Jahangirnagar University was established in East Pakistan by The Jahangirnagar Muslim University Ordinance, 1970 of the Government of Pakistan, which was amended by The Jahangirnagar Muslim University Act, 1973 of the government of independent Bangladesh to form the modern university.

Jahangirnagar University offers undergraduate, graduate and doctoral programs in various disciplines, including arts, humanities, social science, natural science, biological science, business studies, law and engineering. It has produced several notable alumni who have contributed to the development of research, literature, education, culture and sports in Bangladesh. Jahangirnagar University is the sole fully residential university in Bangladesh, and is also renowned for the varied wildlife inhabiting its vast campus, hosting 126 species of native birds alongside 69 species of migratory birds.

The university has 36 departments under 6 faculties including the faculty of mathematical and physical sciences, faculty of social sciences, faculty of arts and humanities, faculty of biological sciences, and faculty of business administration and faculty of law and justice. It has several academic and research institutes including institute of Information technology, institute of Remote sensing and GIS, institute of Business administration, institute of Comparative literature and culture, Wazed Miah science research center, Wildlife conservation and research center, and Butterfly park and research center.

== History ==
Jahangirnagar was the former name of Dhaka. The Mughal city of Dhaka was named Jahangirnagar (City of Jahangir) in honour of the erstwhile ruling Mughal Emperor Jahangir by Islam Khan in 1610.

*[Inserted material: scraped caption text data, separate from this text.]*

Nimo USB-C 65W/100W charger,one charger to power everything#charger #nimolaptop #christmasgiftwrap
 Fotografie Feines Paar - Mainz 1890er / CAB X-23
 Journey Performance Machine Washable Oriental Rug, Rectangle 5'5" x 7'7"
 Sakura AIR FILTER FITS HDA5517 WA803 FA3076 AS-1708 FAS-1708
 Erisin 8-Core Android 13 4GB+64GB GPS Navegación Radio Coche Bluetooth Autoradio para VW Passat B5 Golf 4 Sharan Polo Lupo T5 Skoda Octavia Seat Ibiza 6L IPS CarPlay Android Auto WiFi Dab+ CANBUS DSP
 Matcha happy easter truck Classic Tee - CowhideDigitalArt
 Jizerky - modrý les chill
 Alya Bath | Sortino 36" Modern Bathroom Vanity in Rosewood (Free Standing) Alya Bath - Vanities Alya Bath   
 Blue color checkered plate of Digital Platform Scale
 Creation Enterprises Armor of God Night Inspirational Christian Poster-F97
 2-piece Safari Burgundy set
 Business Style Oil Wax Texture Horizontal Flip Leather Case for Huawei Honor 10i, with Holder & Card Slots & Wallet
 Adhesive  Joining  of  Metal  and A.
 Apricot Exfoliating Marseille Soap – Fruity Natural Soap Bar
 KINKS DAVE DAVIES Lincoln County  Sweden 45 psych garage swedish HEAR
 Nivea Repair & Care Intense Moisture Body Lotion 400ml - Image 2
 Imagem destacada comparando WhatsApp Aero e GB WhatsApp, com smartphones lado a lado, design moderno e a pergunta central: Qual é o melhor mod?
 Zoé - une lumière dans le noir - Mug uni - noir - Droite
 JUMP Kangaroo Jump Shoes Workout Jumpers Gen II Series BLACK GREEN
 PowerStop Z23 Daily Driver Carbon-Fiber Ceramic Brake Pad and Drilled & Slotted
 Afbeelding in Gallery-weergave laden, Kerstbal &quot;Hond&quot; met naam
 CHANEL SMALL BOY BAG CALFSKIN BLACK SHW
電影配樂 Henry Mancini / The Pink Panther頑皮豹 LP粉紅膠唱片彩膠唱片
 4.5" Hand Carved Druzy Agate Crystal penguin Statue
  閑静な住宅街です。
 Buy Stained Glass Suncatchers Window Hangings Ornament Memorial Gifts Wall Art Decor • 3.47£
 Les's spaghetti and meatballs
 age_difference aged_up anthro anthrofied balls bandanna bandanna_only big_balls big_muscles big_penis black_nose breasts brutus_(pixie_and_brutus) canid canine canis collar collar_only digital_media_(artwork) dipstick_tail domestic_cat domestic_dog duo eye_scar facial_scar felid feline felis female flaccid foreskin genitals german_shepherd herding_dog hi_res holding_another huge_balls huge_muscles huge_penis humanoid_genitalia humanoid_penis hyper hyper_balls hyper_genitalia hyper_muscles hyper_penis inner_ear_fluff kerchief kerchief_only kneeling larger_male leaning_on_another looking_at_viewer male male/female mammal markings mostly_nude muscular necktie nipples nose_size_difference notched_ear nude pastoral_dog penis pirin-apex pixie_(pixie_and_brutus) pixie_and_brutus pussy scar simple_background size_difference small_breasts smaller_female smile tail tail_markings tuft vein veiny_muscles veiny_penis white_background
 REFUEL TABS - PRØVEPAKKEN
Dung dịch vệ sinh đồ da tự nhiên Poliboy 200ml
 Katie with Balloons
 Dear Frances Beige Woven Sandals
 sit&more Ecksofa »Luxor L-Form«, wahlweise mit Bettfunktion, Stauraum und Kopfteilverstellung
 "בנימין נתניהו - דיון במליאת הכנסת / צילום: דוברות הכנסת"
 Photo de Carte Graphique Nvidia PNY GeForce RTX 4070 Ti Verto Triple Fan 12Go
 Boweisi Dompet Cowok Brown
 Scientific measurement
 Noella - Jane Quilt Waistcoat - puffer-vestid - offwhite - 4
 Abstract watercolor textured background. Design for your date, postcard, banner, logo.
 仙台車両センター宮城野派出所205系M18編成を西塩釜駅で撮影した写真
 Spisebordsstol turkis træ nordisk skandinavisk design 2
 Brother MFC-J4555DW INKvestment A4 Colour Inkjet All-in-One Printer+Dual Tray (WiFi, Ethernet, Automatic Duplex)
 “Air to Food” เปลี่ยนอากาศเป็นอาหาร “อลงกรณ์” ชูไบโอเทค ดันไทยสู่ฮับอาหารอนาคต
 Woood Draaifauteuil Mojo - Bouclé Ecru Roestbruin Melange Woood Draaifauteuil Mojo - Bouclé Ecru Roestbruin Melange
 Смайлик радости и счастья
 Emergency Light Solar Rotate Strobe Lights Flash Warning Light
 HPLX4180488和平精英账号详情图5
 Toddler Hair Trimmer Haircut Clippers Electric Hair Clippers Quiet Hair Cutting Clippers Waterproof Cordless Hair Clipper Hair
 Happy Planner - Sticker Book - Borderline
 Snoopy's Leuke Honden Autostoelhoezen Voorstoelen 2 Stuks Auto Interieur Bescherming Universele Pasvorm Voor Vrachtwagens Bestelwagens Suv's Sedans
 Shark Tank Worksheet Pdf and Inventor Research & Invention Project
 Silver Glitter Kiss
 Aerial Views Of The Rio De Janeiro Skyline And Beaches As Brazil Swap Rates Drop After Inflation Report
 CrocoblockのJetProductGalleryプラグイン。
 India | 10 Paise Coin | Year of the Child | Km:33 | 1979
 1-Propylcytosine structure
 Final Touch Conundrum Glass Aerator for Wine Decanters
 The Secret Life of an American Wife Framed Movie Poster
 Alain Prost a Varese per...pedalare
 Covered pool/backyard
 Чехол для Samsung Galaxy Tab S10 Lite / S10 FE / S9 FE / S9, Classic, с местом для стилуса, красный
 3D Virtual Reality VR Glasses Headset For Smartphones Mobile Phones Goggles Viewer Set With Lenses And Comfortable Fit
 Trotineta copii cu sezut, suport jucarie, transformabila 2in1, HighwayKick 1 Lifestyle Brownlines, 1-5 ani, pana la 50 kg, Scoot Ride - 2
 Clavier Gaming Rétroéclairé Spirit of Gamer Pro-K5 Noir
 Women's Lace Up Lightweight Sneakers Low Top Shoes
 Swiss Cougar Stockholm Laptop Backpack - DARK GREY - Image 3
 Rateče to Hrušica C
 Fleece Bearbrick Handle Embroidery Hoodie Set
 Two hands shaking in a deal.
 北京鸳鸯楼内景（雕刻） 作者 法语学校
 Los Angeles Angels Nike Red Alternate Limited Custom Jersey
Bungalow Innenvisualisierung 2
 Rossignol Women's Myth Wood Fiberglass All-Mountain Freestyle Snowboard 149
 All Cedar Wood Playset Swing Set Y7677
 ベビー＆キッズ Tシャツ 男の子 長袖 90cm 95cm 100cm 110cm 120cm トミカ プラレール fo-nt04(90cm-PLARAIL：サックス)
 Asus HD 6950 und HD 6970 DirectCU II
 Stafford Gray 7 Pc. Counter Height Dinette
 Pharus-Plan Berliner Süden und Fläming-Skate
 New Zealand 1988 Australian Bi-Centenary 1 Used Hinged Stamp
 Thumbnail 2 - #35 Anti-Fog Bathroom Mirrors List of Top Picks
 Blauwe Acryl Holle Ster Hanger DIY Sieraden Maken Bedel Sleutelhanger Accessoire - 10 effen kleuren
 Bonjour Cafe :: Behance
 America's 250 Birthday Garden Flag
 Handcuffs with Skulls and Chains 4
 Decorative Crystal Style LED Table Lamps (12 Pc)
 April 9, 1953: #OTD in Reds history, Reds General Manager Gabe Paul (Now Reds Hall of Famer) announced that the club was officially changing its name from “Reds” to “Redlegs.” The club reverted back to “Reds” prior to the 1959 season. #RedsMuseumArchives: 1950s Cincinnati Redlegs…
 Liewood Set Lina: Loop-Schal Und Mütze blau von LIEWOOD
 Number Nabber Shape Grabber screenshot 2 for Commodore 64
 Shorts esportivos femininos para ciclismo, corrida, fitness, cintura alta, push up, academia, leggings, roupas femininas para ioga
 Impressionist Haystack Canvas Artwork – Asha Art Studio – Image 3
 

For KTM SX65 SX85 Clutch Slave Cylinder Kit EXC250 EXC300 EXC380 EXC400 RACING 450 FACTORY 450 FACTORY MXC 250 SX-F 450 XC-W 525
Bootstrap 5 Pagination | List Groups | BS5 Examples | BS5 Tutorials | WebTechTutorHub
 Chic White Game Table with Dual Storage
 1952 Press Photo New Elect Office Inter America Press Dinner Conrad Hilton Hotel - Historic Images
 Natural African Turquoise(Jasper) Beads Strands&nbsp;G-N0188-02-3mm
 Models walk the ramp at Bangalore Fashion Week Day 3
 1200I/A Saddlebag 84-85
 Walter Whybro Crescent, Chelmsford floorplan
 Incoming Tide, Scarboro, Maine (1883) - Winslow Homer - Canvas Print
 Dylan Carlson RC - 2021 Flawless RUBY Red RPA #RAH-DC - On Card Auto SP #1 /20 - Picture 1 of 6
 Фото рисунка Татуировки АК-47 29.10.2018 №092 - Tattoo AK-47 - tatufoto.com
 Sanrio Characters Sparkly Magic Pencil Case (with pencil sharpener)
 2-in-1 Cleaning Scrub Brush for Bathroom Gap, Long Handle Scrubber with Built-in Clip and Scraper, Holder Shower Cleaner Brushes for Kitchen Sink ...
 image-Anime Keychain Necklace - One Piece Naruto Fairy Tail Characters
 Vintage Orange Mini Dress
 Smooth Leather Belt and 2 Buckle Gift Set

Jahangirnagar University was established on 20 August 1970, but formally launched on 12 January 1971 under the Jahangirnagar Muslim University Ordinance, 1970 and this day is observed as University Day. Initially, it was named Jahangirnagar Muslim University, and the plan was to operate the university like Aligarh Muslim University. But after the independence of Bangladesh, its name changed to Jahangirnagar University under the Jahangirnagar University Act' 1973.

Its first vice-chancellor, Mafizuddin Ahmed (PhD in chemistry, Penn State) took up office on 24 September 1970. The 150 students in the first batch were enrolled in four departments: Economics, Geography, Mathematics, and Statistics. Its formal inauguration was delayed until 12 January 1971, when the university was launched by Rear Admiral S. M. Ahsan, the chancellor.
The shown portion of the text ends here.